Conclusions and Future Directions

The present work has demonstrated that enhancing proactive control through prompting that an upcoming task is going to be difficult can promote dual-task performance among both younger and older adults. Such an effect is particularly strong for tasks that are actually difficult. Yet, there are also some limitations in the present work, which should be addressed in future studies. First, the present experiments are all cross-sectional. Future studies should attempt to examine age-related dual-task performance and the role of proactive control in longitudinal studies. Secondly, only one kind of dual task was used in the present experiments. Future studies should test the generalizability of our findings to other dual tasks. Thirdly, the present experiments examined age-related dual-task performance in the laboratory, which is limited in ecological validity. Future studies should test whether our findings are generalizable to everyday life contexts where dual tasks are prevalent, such as the context of grandparenting.

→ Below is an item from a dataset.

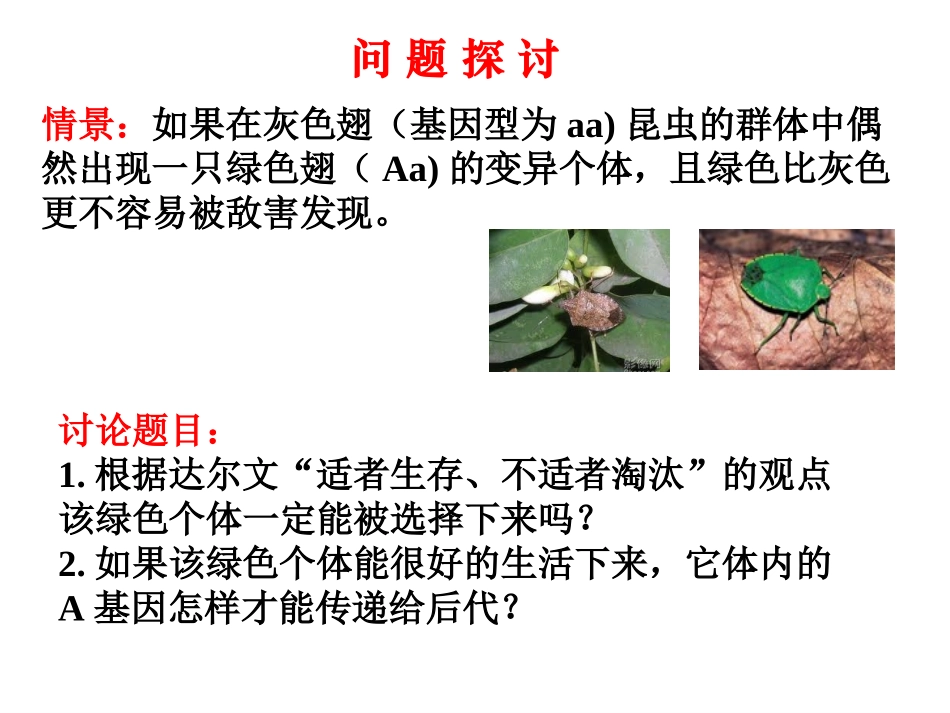 生物进化理论发展的意义_第3页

Nevertheless, the present study has both theoretical and practical implications. Theoretically, the present study innovatively disentangles the effects of difficulty expectation and actual task difficulty, which provides a clearer view of the role of proactive control in dual-tasking. In terms of practical implications, the findings of the present study have direct relevance to everyday situations involving multitasking. By showing that both younger and older adults can benefit from difficulty prompts, despite age-related cognitive declines, the present study provides insights on how to develop intervention programs to improve dual-task performance in daily life among older adults. It suggests that proactive control (triggered by prompts) can be utilized to compensate for the age-related declines in dual-task performance.